Seeking ways to finance a real estate purchase can be an overwhelming task. Many options are available based on your needs, such as government-insured home loans and traditional mortgages with fixed or variable rates. An experienced professional, such as your lawyer, lender or accountant, can help look at valuable features to determine which works best considering your circumstances.
Before finalizing your decision, it is best to review specific terms a lender might require for your loan, including the following:
- Prepayment penalty fees
- Restrictions on your right to sell the property without the lender’s authorization
- Insurance coverage and its maintenance
- Escrow payments for insurance and taxes
- Property use limitations
- Occupancy requirements
- The lender’s right to adjust interest rates during the loan’s term, and if there is an existing mortgage for you to assume
Examining these details could help gauge your obligations as a borrower when you receive funding and long after closing the purchase. This information can also help you compare between loan types and choose an option that lets you accommodate other financial responsibilities.

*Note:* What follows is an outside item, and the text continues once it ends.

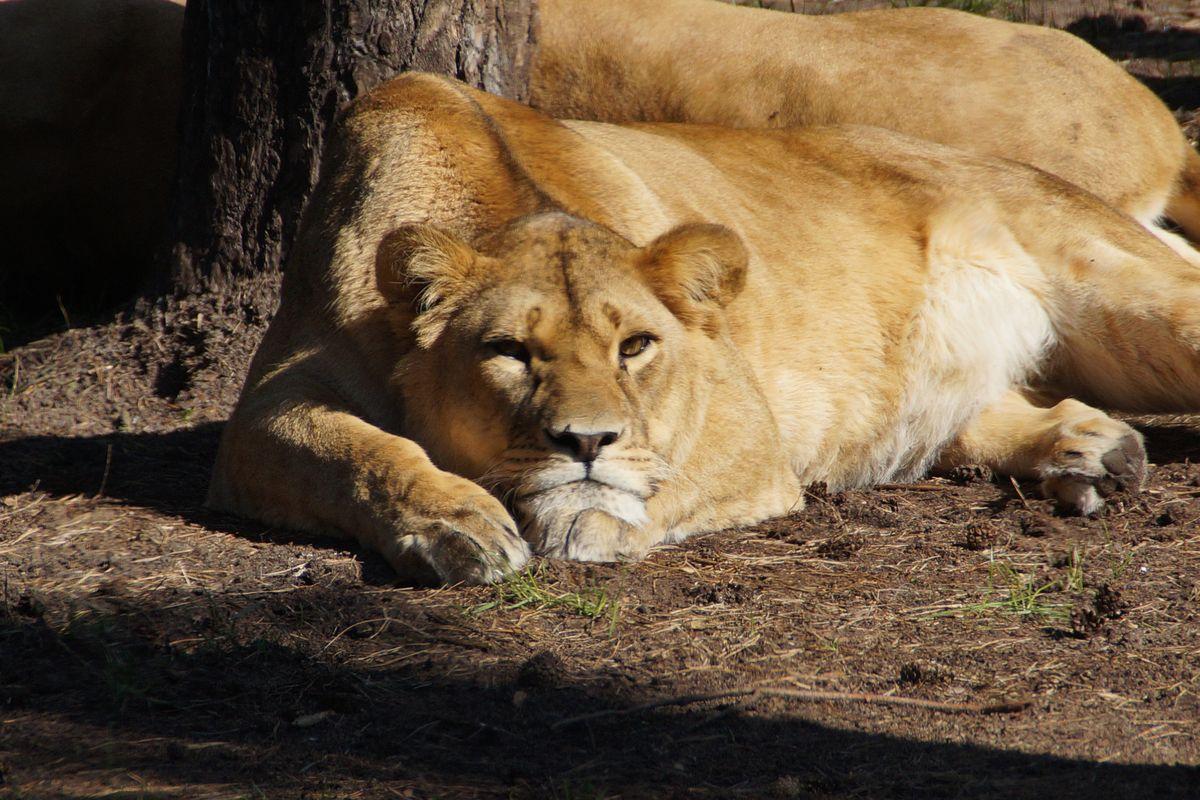 Gelangweilte Löwen im Serengeti Park Hodenhagen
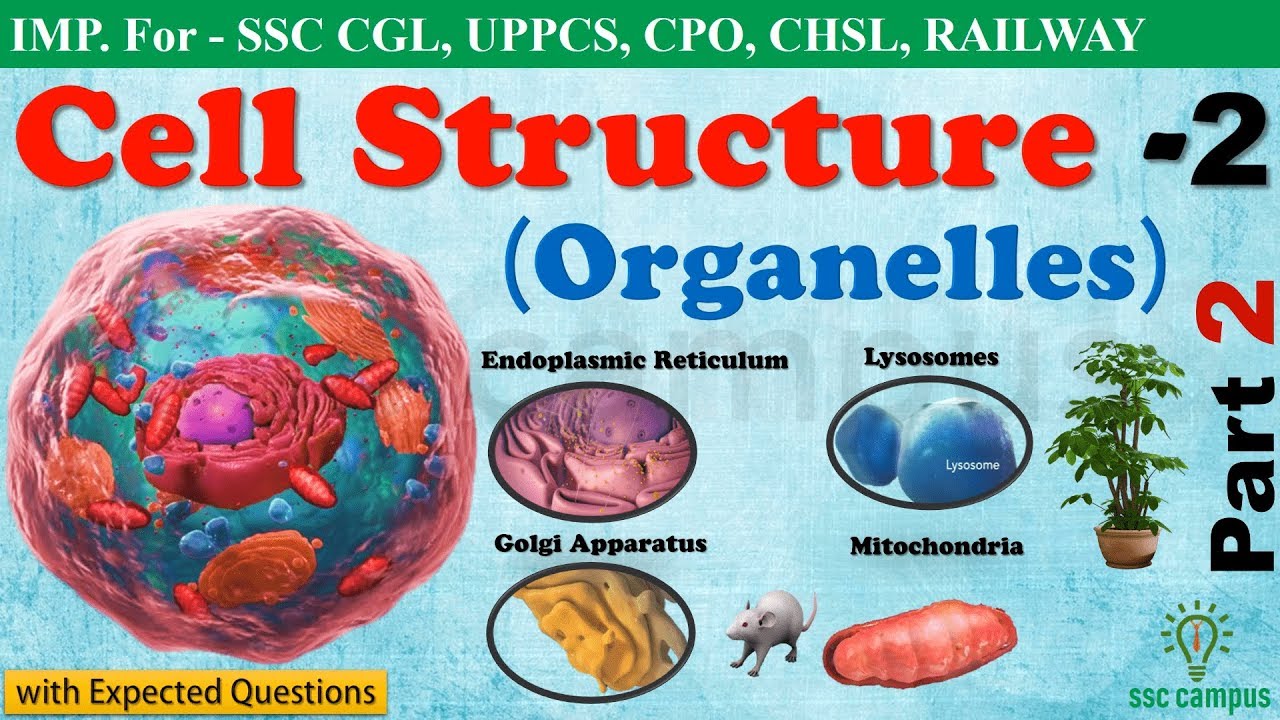 Cell Structure(Part 2) || Endoplasmic Reticulum || Lysosomes || Mitochondria (NCERT Class 8,9,11)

What other financing terms should you check?
Some terms could be applicable based on timing, such as a financing contingency. It could help secure your deposit if you cannot get the loan by the indicated closing date. Timing is crucial in real estate transactions, so this option could be helpful, depending on the circumstances.
Financing for residential properties must also comply with specific disclosure rules and other policies, making documentation and timeline requirements crucial. Because of these complexities, buying property could be challenging. The process could require intricate planning and preparation to move the process forward and resolve any issues.